■ **YOUR GOAL**: Every record must be retyped as it stands.

■ **DATA**:
╭──

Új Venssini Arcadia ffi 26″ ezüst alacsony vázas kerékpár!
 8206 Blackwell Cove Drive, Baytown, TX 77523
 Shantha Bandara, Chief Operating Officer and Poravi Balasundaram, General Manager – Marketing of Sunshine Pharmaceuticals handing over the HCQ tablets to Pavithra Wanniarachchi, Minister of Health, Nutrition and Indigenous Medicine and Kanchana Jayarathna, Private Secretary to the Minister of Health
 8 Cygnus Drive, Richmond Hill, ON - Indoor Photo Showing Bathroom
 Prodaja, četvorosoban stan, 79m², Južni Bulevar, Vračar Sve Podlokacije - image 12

╰──

■ **EXERCISE OUTPUT**:
Új Venssini Arcadia ffi 26″ ezüst alacsony vázas kerékpár!
 8206 Blackwell Cove Drive, Baytown, TX 77523
 Shantha Bandara, Chief Operating Officer and Poravi Balasundaram, General Manager – Marketing of Sunshine Pharmaceuticals handing over the HCQ tablets to Pavithra Wanniarachchi, Minister of Health, Nutrition and Indigenous Medicine and Kanchana Jayarathna, Private Secretary to the Minister of Health
 8 Cygnus Drive, Richmond Hill, ON - Indoor Photo Showing Bathroom
 Prodaja, četvorosoban stan, 79m², Južni Bulevar, Vračar Sve Podlokacije - image 12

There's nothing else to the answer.